International information
- National side: South Africa;
- Test debut: 24 December 1930 v England
- Last Test: 3 March 1939 v England

Career statistics
| Competition | Test | First-class |
| Matches | 3 | 24 |
| Runs scored | 30 | 553 |
| Batting average | 7.50 | 17.83 |
| 100s/50s | 0/0 | 1/2 |
| Top score | 16 | 114 |
| Balls bowled | 874 | 4,142 |
| Wickets | 4 | 60 |
| Bowling average | 66.25 | 26.03 |
| 5 wickets in innings | 0 | 1 |
| 10 wickets in match | 0 | 0 |
| Best bowling | 2/58 | 5/54 |
| Catches/stumpings | 3/– | 13/– |
- Source: Cricinfo, 14 November 2022

= Bob Newson =

South African cricketer

Edward Serrurier "Bob" Newson, OBE (2 December 1910 – 24 April 1988) was a South African cricketer who played in three Test matches in 1930–31 and 1938–39. He was also a businessman in South Africa and in Rhodesia.

== Career ==
Newson was a lower-order right-handed batsman and a right-arm fast bowler. He had a 20-year first-class cricket career, but as the career included two gaps of more than six years without a single first-class game (one of the gaps being the Second World War), he totalled only 24 matches in all, including his three Test appearances.

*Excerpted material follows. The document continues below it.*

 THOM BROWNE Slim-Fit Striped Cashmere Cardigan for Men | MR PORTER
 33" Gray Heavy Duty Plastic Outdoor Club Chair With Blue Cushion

Newson had played just three first-class matches for Transvaal when he was picked for the first Test of the 1930–31 series against England at the age of just 20. According to his obituary in the 1989 edition of Wisden Cricketers' Almanack, he had not been notified of his selection and arrived at work on the morning of the Test as normal; his father brought his clothes to the ground in time for the start, but Newson appeared in the official match photograph in borrowed cricket gear. He batted at No 11 and in the first innings scored 10 out of a last-wicket partnership of 45 with Quintin McMillan; but he failed to take a wicket in a narrow South African victory by 28 runs, and was dropped for the next game. He did not play again that season and after two matches for Transvaal the following season he dropped out of cricket altogether for more than six years.

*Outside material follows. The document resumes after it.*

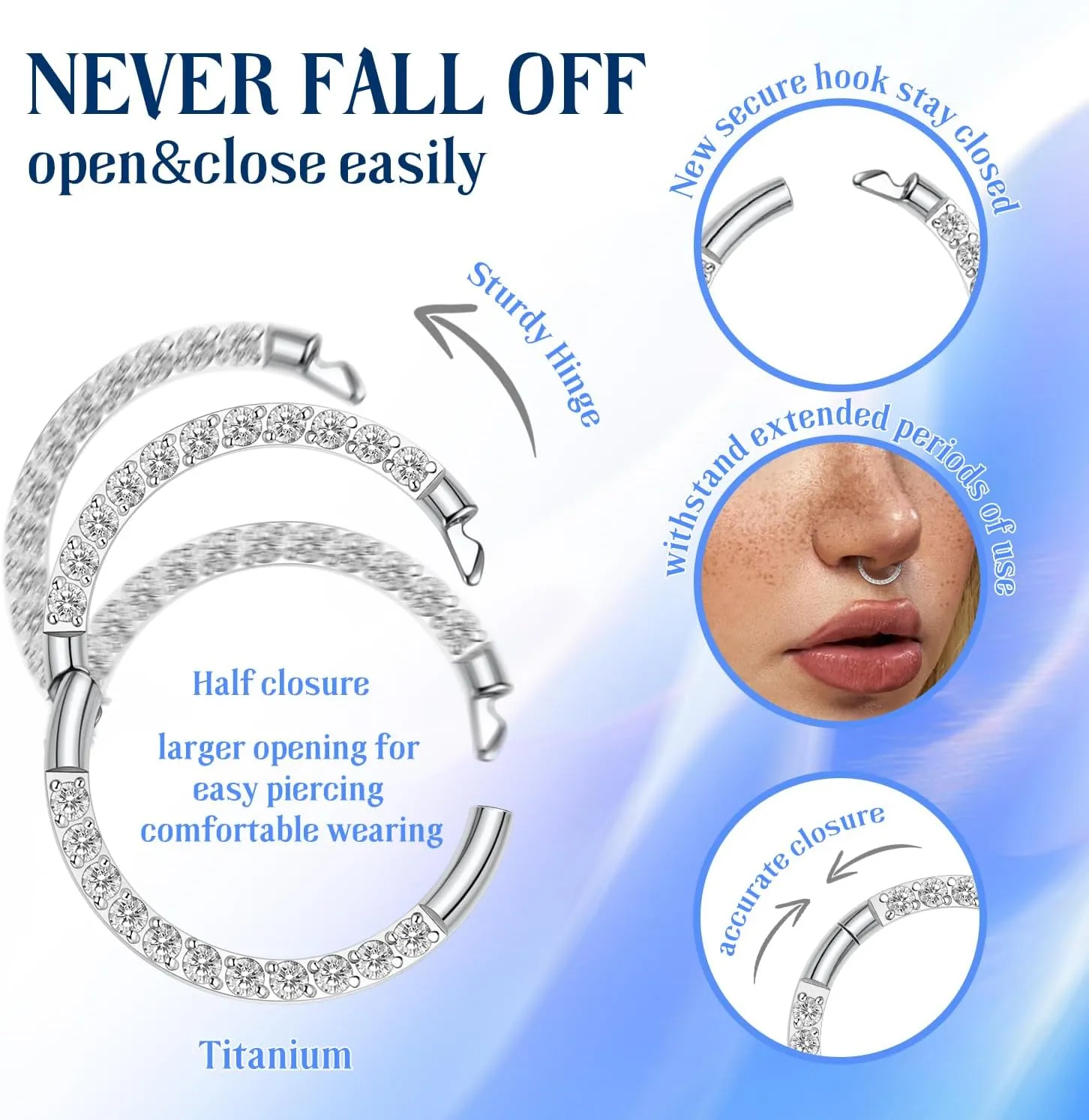 FUNLMO Titanium Nose Ring Hoop Septum Daith Helix Tragus Rook Cartilage Piercing Jewelry Half Closure Secure Hook Hinge Segment Ring 16G 6mm to 10mm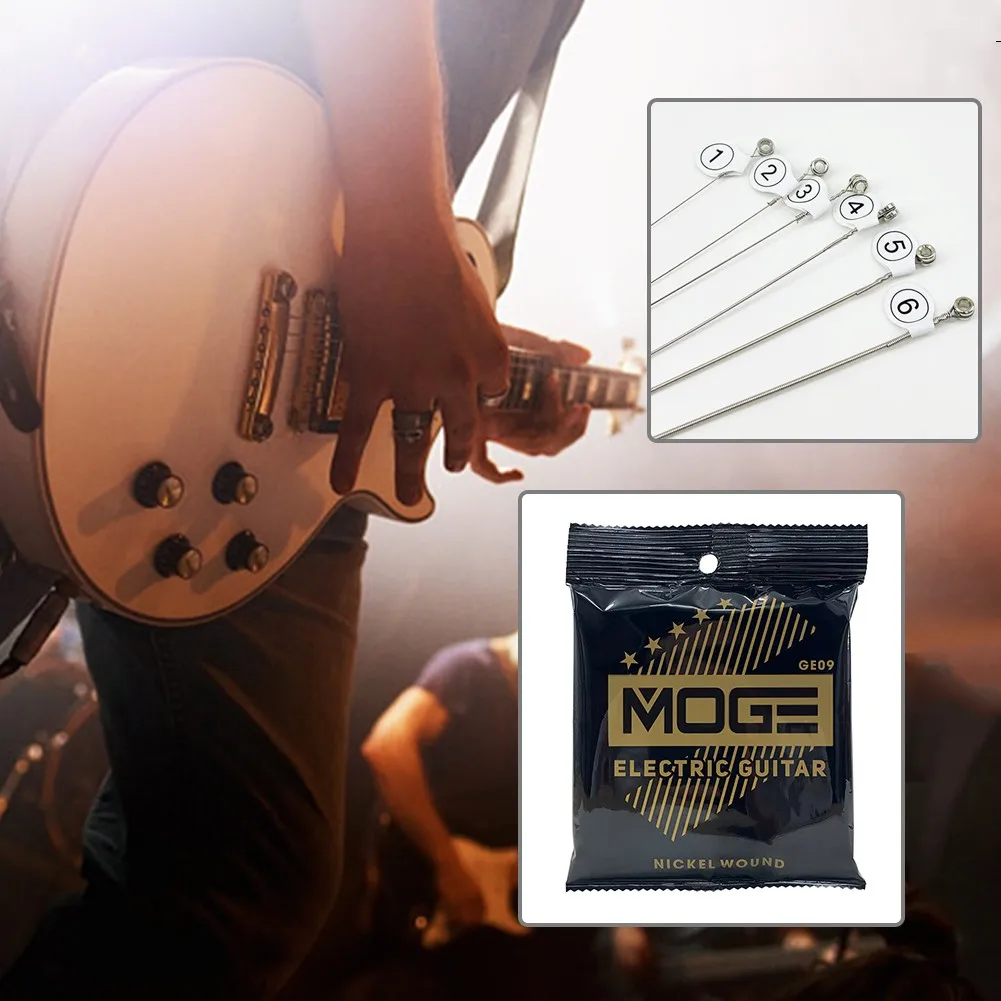 Metal Electric Guitar Strings Set MOGE GE09 Practiced Hexagonal Steel 6 String 09-42inch For Guitar Parts Musical Instrument
Metal Electric Guitar Strings Set MOGE GE09 Practiced Hexagonal Steel 6 String 09-42inch For Guitar Parts Musical Instrument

He reappeared in the Transvaal side at the end of the 1937–38 season and, after a couple of matches the following year, was back in the South African Test team for the fourth and fifth Tests against England in 1938–39, having taken only 21 wickets in his career and with best bowling figures to that point of just four wickets for 51 runs. In the fourth Test, which was drawn, he took one wicket in each England innings and scored 16 in South Africa's only innings. The final Test was a timeless Test, though it ended as a draw after 10 days' cricket (one of them rained off) when the English team had to leave to catch their ship home; Newson scored 1 and 3 and took two wickets in England's first innings, but failed to take any in the final innings of 654 for five. Newson played two more games for Transvaal in 1939–40 but then first-class cricket was suspended for the war.

After the war, Newson played for Rhodesia for four seasons as an all-rounder. Captaining the Rhodesia side in the match against Griqualand West in 1946–47 he scored 114, batting at No 3. And two seasons later, when the 1948–49 England team visited Rhodesia for two matches, he took five wickets in an innings for the only time in his career.